October 13, 2017

Press Release

Bio: Artist Larry Kirkland

Bio: Artist Larry Kirkland

Artist Larry Kirkland, known for his large-scale public art, was commissioned to create the entrance gates that greet each guest of Museum of the Bible. He also designed the 16-panel, freestanding art glass window that welcomes guests in the museum’s vestibule, as well as the glass railings of the grand staircase in the museum’s atrium.

Born in 1950 in Port Hueneme, California, Kirkland moved with his military family throughout the U.S. and abroad during his childhood. He received his undergraduate degree in environmental design in 1972 from Oregon State University and his Masters of Fine Arts degree in 1974 from the
University of Kansas.                                                                                                    

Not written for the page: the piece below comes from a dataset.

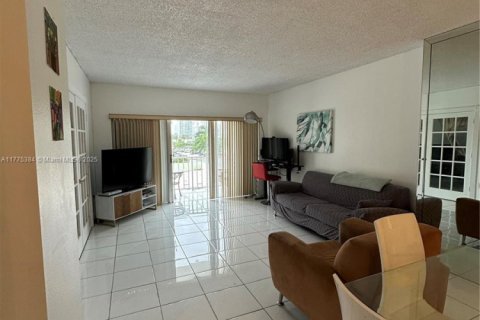 Condominio en venta en Sunny Isles Beach, Florida, 1 dormitorio, 70.79 m2 № 1868202 - foto 6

Since then, he has collaborated with community and business leaders and design professionals to conceive and create his large-scale, multidimensional public artworks. Kirkland’s installations can be found in institutional and municipal buildings, transit hubs, research facilities, libraries, universities, cruise ships and urban parks and plazas. Among his many commissions are artworks installed at Pennsylvania Station in New York; the American Red Cross headquarters and National Academies of Science in Washington; Putra World Trade Center in Kuala Lumpur, Malaysia; and Kansai International Airport in Osaka, Japan.

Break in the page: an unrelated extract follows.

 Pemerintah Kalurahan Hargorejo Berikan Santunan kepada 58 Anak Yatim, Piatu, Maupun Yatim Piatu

Kirkland has received a fellowship from the National Endowment for the Arts and has served on the peer review panel for the U.S. General Services Administration’s Design Excellence and the Arts Program. He has served as a juror on numerous art and architecture competitions and programs, and has been involved in arts master plans for New Jersey Transit and Denver’s Wellington E. Webb municipal office building. He serves on the public art network council of Americans for the Arts.